Leave the pictures out. Retype exactly the lines below from the one containing "Aellinatey Elegant Pullover" through the one containing "Ayherre Font –", and no others.

» SUPPLIED DATA
++++++++++
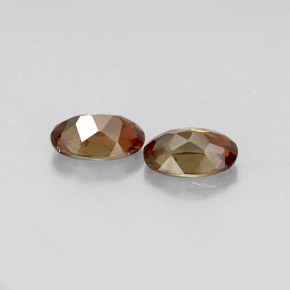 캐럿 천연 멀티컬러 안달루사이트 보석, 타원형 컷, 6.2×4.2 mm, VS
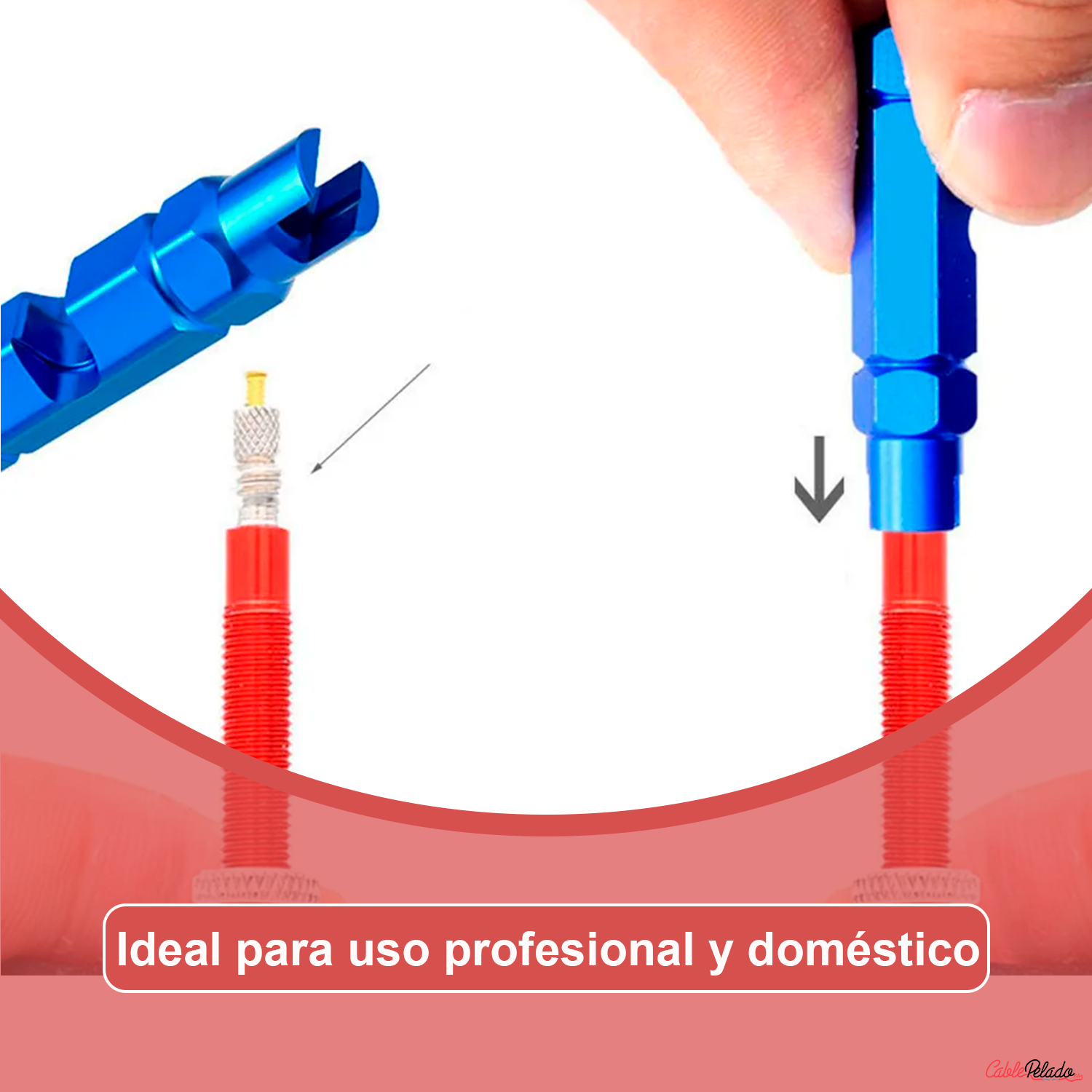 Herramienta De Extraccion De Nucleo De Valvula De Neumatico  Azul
++++++++++
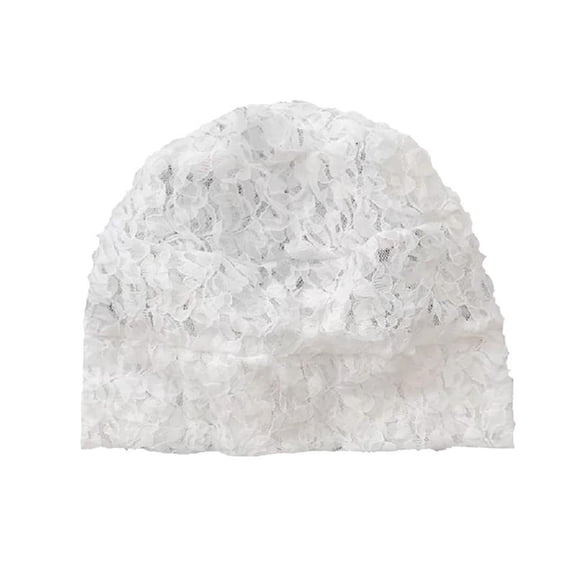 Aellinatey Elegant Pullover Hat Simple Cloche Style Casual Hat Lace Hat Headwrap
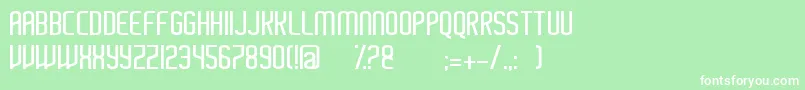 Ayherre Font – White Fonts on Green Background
++++++++++
» REPLY TO THE EXERCISE
 Aellinatey Elegant Pullover Hat Simple Cloche Style Casual Hat Lace Hat Headwrap
 Ayherre Font – White Fonts on Green Background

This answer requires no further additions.